Cette histoire est basée en partie sur les divulgations faites à la Securities and Exchange Commission et fournies au Congrès sous forme expurgée par le conseiller juridique de Haugen. Les versions caviardées reçues par le Congrès ont été obtenues par un consortium d’organisations de presse, dont l’Associated Press.
Elles détaillent des données minutieusement collectées sur des problèmes aussi vastes que le trafic de travailleurs domestiques au Moyen-Orient, une surcorrection dans les mesures de répression du contenu arabe qui, selon les critiques, muselle la liberté d’expression alors que les discours haineux et les abus fleurissent, et une désinformation anti-vaccinale rampante qui, selon les chercheurs, aurait pu être facilement étouffée avec des changements subtils dans la façon dont les utilisateurs voient les messages sur leur flux.
L’entreprise insiste sur le fait qu’elle « ne mène pas de recherches pour ensuite les ignorer systématiquement et volontairement si les résultats ne lui conviennent pas ». Cette affirmation, a déclaré Facebook dans un communiqué, ne peut « être faite qu’en sélectionnant des citations sélectives de pièces individuelles de documents ayant fait l’objet de fuites d’une manière qui présente des questions complexes et nuancées comme s’il n’y avait jamais qu’une seule bonne réponse. »

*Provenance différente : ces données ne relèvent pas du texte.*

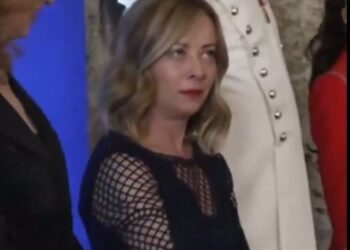 VIDEO/ Reagimi epik i Giorgia Melonit kur takon Emmanuel Macron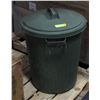 Image 1 : RUBBERMAID 17 GALLON GARBAGE CAN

Haugen, qui a témoigné devant le Sénat ce mois-ci que les produits de Facebook « nuisent aux enfants, attisent la division et affaiblissent notre démocratie », a déclaré que la société devrait déclarer une « faillite morale » si elle veut aller de l’avant après tout cela.
À ce stade, cela semble peu probable. Il existe un conflit profondément ancré entre le profit et les personnes au sein de Facebook – et la société ne semble pas prête à renoncer à son discours selon lequel elle est bonne pour le monde, même si elle prend régulièrement des décisions destinées à maximiser sa croissance.
« Facebook réalisait régulièrement des enquêtes auprès de ses employés – quel pourcentage d’entre eux pensait que Facebook rendait le monde meilleur », se souvient Zhang.
« C’était environ 70 % quand je suis arrivé. Il était d’environ 50 pour cent quand je suis partie », a déclaré Zhang, qui a travaillé dans l’entreprise pendant plus de deux ans avant d’être licenciée à l’automne 2020.